## [RECORDS SUPPLIED]
┌──

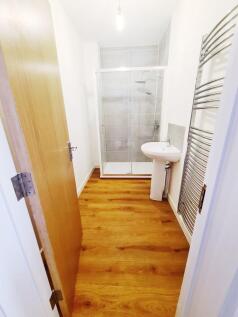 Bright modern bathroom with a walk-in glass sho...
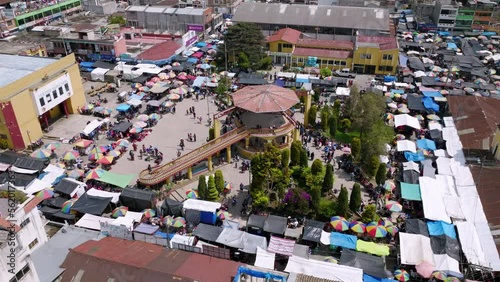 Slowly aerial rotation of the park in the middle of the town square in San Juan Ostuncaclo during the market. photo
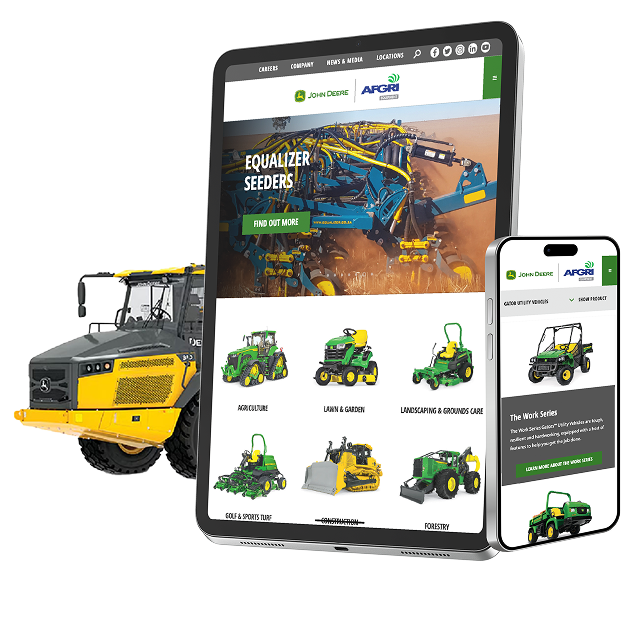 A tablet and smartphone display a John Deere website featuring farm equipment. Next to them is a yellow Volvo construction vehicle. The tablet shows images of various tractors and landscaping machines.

└──
┌──

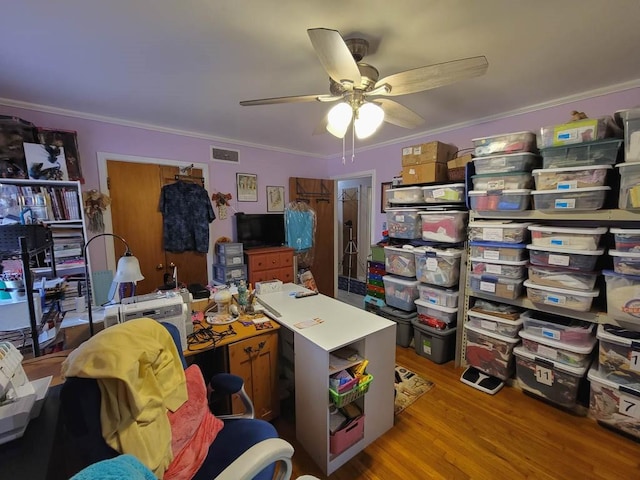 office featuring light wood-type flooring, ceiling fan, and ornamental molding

└──

No picture is to be printed. Output exactly the lines above from the line containing "Bright modern bathroom" through the line containing "A tablet and".

 Bright modern bathroom with a walk-in glass sho...
 Slowly aerial rotation of the park in the middle of the town square in San Juan Ostuncaclo during the market. photo
 A tablet and smartphone display a John Deere website featuring farm equipment. Next to them is a yellow Volvo construction vehicle. The tablet shows images of various tractors and landscaping machines.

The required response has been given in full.